Perpetual motion proposals are of two types, and the distinction is crucial. A Perpetual motion machine of the first kind actually creates energy. Some of this is inevitably rendered inaccessible through friction losses in bearings, or air drag on moving parts, or the like; but the rest is available to the world as free energy. By contrast, a perpetual motion machine of the second kind neither creates nor destroys energy. It runs forever by completely eliminating friction in the bearings, air drag, and such; but any attempt to extract energy from it causes it to slow down.

These two types of machine respectively contravene the first and second laws of thermodynamics. The first law states that energy is conserved, and the second that entropy increases. More on these in a moment.

Most publicity attaches to perpetual motion proposals of the first kind. Their proponents generally agree with scientists as to the laws of force and torque operating within their machines. The law of force was first elucidated by Isaac Newton three centuries ago, and states that Force=Mass x Acceleration. Similarly, angular acceleration is proportional to the applied torque.

Once it is accepted that undisturbed motion is a body’s natural state, that it alters its velocity (i.e., accelerates) only when a force is acting on it, and that slowing down is not the natural state but the result of frictional forces, the path to Newton’s laws is easy and intuitive. It nevertheless took a genius of Newton’s magnitude to overthrow the Aristotelian model of space and time.

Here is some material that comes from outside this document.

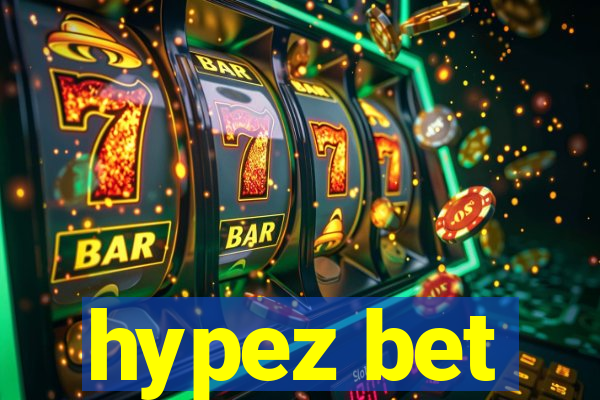 hypez bet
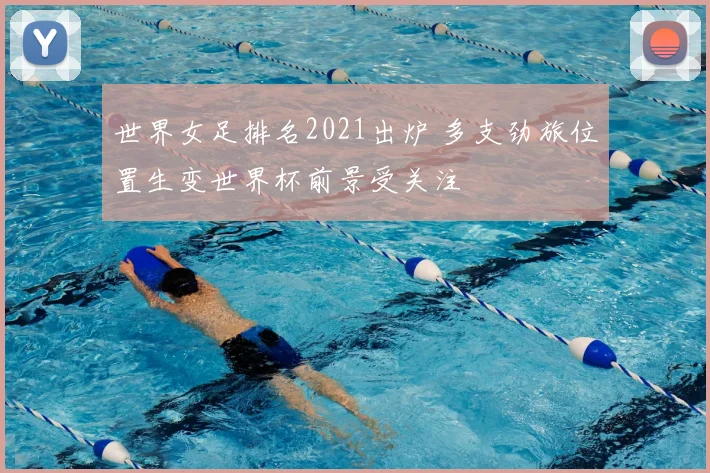 世界女足排名2021出炉 多支劲旅位置生变世界杯前景受关注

But, crucially, the same people do not accept that the force and torque laws also imply conservation of energy. This makes good sense: no force, no velocity change, no energy change. But in a complicated machine the same principle is one step further removed from the forces and torques which people can feel, and is often beyond untutored intuition. I am told, with a don’t-blind-me-with-science look, ‘Maybe, but what is wrong with my machine?’ Perpetual motion advocates, having once got into a physicist’s office, are reluctant to leave until a lengthy impasse is reached.

One catch occurs so often it is worth singling out. Perpetual motion machines, in common with many others, a.re almost invariably cyclic; after sufficient operation, called a cycle, the machine returns to its initial configuration. A wheel making one complete turn is the simplest example. (Cyclicity is a matter of convenience, since a non-cyclic machine would be difficult to exploit.) In evaluating cyclic machines, it is essential to consider the energy balance over a complete cycle. Cyclic machines with an obvious acceleration mechanism in one part of the cycle, but a subtle deceleration process in another, are particular favourites.

Even more subtle are those machines which interchange energy between its various forms: motion, heat, latent heat of evaporation (the ‘drinking bird’, a popular toy), electromagnetism, and so on. Some of the subtleties are quite ingenious, but if physics is operating as it has been understood for three centuries, the catch is inevitably there somewhere.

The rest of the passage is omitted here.